I find that if not covered, they boil. (350 deck and 325 convection) 
I have great results by following this system.
My formula is based on this basic recipe:

1 qt cream (40%)
10 yolks (extra large)
2 whole eggs (extra large)
1 cup granulated sugar 
1 vanilla bean
1/2 lemon zest
2 cinnamon stix
pinch o' kosher salt

boil cream, sugar and flavor agents (to infuse the flavors).Cool slightly and pour over eggs while whisking briskly then strain. if the mix sits in the cooler for more than a few days, I will whisk in an additional egg.

For the top, I bake to dry 1# dark brown sugar, let cool and process in cusinart with equal amount of granulated until fine, sift and store. 
Or you can use bar sugar. (super fine.)


----------



## eeyore (Nov 26, 2000)

Pinch of salt? Wow. I've never done that. I will try it on the next batch. I've made a little over half of the ones I will need for Saturday night. Fresh coconut, vanilla, cinnamon sticks, lemon zest. 

I did them covered with foil -- not too tight --- in bain marie...but they are taking FOREVER to set up and they are getting too brown. Oh well they are good and the "brulee" will cover it. 

thanx!
eeyore


----------



## momoreg (Mar 4, 2000)

They should take about 45 min. to an hour to set up. If the foil is not working to keep them from getting brown, try an inverted pan of the same size. That works for me. Also, the water does not have to come all the way up the sides. 1/2 inch is plenty. How deep are your brulees?


----------



## angrychef (Jan 15, 2001)

I make mini 2 oz. brulees for our sampler plates, so it doesn't really take too long, about 20-25 min. Bake them the same way as momoreg, 200 hotel pan with water, covered in foil in a 300 convection oven.


----------



## pete (Oct 7, 2001)

I bake mine in a regular oven and have had no problems with them browning or getting a crust on top. I put mine in a 2 inch hotel pan and fill with water a 1/3rd of the way up the ramikens.


----------



## eeyore (Nov 26, 2000)

Maybe that is my prob. I don't have any shallow dishes. So they are taking a long time to set up...thus the browning...I guess. I cover them maybe an inch with water. This leaves 2/3 out of the water. I did the first ones almost half way up and I thought they would never set up.

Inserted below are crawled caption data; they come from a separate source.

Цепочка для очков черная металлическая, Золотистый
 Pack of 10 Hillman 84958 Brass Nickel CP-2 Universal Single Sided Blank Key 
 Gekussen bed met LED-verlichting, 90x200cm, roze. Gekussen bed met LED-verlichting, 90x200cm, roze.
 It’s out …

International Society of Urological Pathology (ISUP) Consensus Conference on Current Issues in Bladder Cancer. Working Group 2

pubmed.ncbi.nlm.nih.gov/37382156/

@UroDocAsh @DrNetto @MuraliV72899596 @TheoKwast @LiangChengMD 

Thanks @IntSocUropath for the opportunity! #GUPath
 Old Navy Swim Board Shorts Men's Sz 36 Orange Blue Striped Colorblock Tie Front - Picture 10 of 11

anyway thanx for the replies.

eeyore


----------



## eeyore (Nov 26, 2000)

FYI, they were wonderful! thanx for all the advice. 

Interesting thing happened though: I made large batches (maybe that explains why they took so long)---about 50 or 60 to a batch. In a water bath covered with foil in hotel pans. One pan (they held 12 each) curdled. Only one pan. The only thing I could figure is that I covered this one too tight and the steam built up and .....

hmmmm.
eeyore


----------



## fontzmark (Aug 13, 2000)

Just wondering........has anyone ever tried to make creme brulee without baking the custard? Heating it on the stovetop and stirring like mad?, then just pouring it in to cups? I'd like to know what the difference in texture is, if any.


----------



## momoreg (Mar 4, 2000)

Eeyore,

the number of brulees in the batch should not have affected the cooking time by much. Generally, the ones that are exposed to direct heat from the oven are the ones that overcook.. It could be that your oven does not bake evenly? Or did you not put enough water into one of the pans?


----------



## eeyore (Nov 26, 2000)

Well, hmmm Definately my ovens dont cook evenly. But the whole pan curdled..and NONE of the others did. There was still plenty of water in the pan. I did it the same as all the others. 

Is that what happens when you overcook them...they curdle? I thought they would just get too brown (which these weren't). 

It is very odd.

I would think that most creme brulee recipes wouldn't do well stove top. I dunno, but it would definately be difficult to get the right texture and still have a flat top to brulee the sugar. 

eeyore


----------



## nick.shu (Jul 18, 2000)

apparently, oven cooked "brulees" are technically (or actually) called "petit pots de creme".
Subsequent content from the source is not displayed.